=Paper= {{Paper |id=Vol-1486/paper_46 |storemode=property |title=What is Special about Bethlehem, Pennsylvania? Identifying Unusual Facts about DBpedia Entities |pdfUrl=https://ceur-ws.org/Vol-1486/paper_46.pdf |volume=Vol-1486 |dblpUrl=https://dblp.org/rec/conf/semweb/SchaferRP15 }} ==What is Special about Bethlehem, Pennsylvania? Identifying Unusual Facts about DBpedia Entities== https://ceur-ws.org/Vol-1486/paper_46.pdf
What is Special about Bethlehem, Pennsylvania?
    Identifying Unexpected Facts about DBpedia Entities

              Benjamin Schäfer, Petar Ristoski, and Heiko Paulheim

                          University of Mannheim, Germany
                        Research Group Data and Web Science
                          {benni,petar,heiko}@dwslab.de


        Abstract. Most Linked Data browsers list all facts about an entity in
        an equal manner. In this paper, we present a prototype for identifying
        unexpected facts about entities, i.e., those facts that deviate from the
        expectations.

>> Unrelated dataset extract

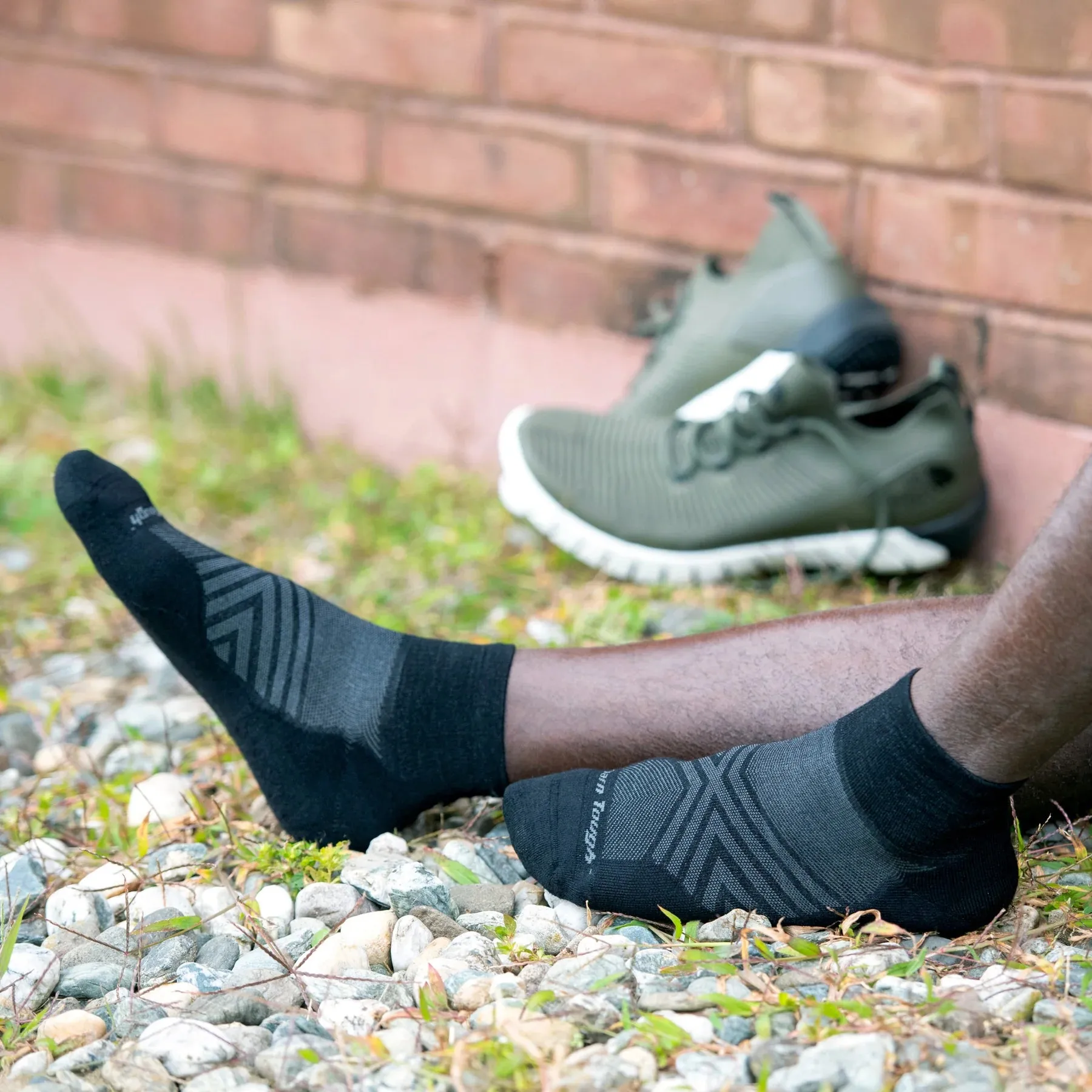 Darn Tough Men's Quarter Ultra Lightweight No Cushion Running Socks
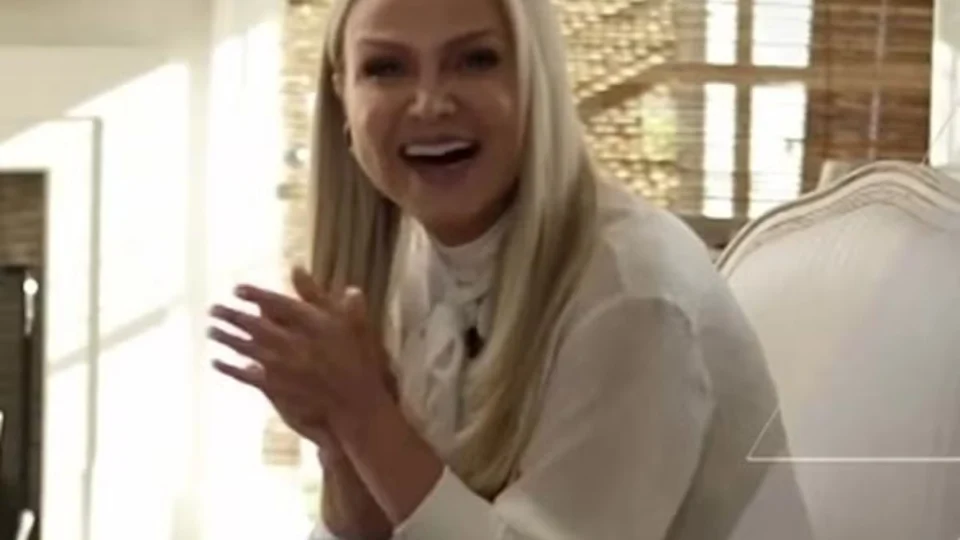 Eliana se emociona ao falar de mudança de trabalho aos 50 anos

To that end, we use an attribute-wise method for anomaly
        detection, which is also capable of providing qualitative explanations for
        the anomalies found. By comparing an entity at hand to a reference set
        of similar entities, we can provide information on how the entity at hand
        differs from the typical patterns found for similar entities, and display
        those unexpected facts together with a short explanation.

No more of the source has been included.